Wu Fang like all Oriental villains of the period has at his disposal an army of trained killers from a host of different countries. He also unleashes a menagerie of hybrid creatures he has created to silence his foes. Together Hazard and Carson battle both as they discover the secrets of the Suicide Tomb.
Hovering in the background of the story is Wu Fang’s arch nemesis, Federal agent, Val Kildare. From the streets of alleyways of New York’s Chinatown to the secret cliff side hideout of Wu Fang, Kildare blocks the crime lords plans at every turn.
The action is brisk although the heroes are extremely naïve considering they have fought Wu Fang in three previous adventures. They constantly fall into various traps and are dumbfounded by many of Wu Fang tricks.
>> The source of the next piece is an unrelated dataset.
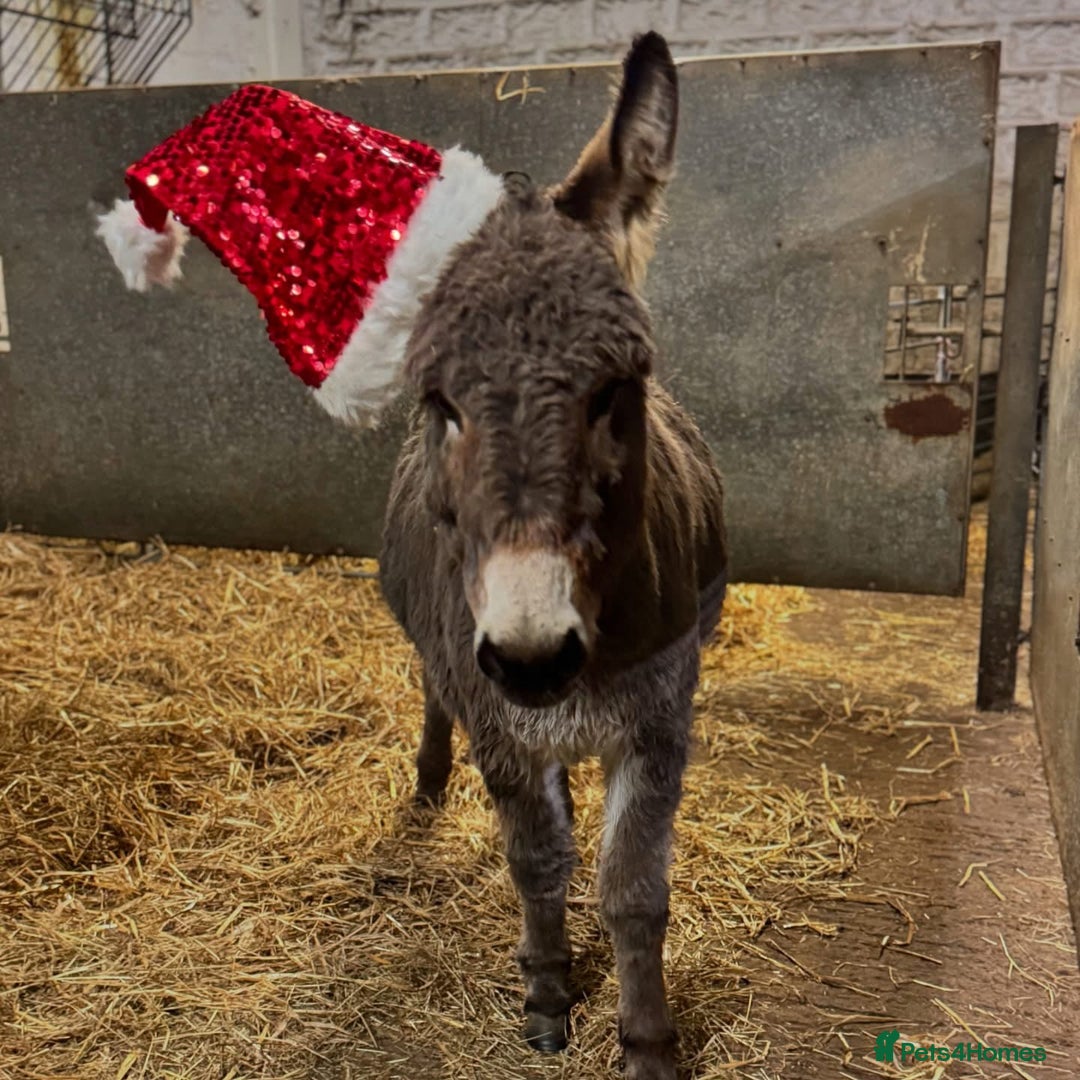 Donkey livestock for sale: 2 X Jennies for Sale - Advert 1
The introduction of white vampire bats, the strange display of skeletal remains in the tomb, and the mysterious way the plague kills its victims add a nice touch to the tale.
Hogan’s writing can be a little juvenile at times, and the story has a clumsy extremely unsatisfying ending. I am not spoiling anything by tell you that Wu Fang escapes. That is to be expected. However, how and why his plans crumble are so silly that you must read it to believe it.
An article on The Pulp Net suggests that the Wu Fang series faced opposition from the estate of Fu Manchu creator Sax Rohmer. Although not confirmed, it proposes that the estate saw to many similarities between the two characters and their adventures forcing Popular Publications to end production. Yet as the article points out, two months later, Popular would introduce another oriental villain Dr. Yen Sin. It is suggested that these stories of a sinister villain from the east were more interesting and better written. I look forward to reading one or more myself.
In the meantime, The Mysterious Wu Fang looms large with seven diabolical efforts to become the ultimate Crime Lord. All of the cases have been reprinted, and are also available for download as e-books.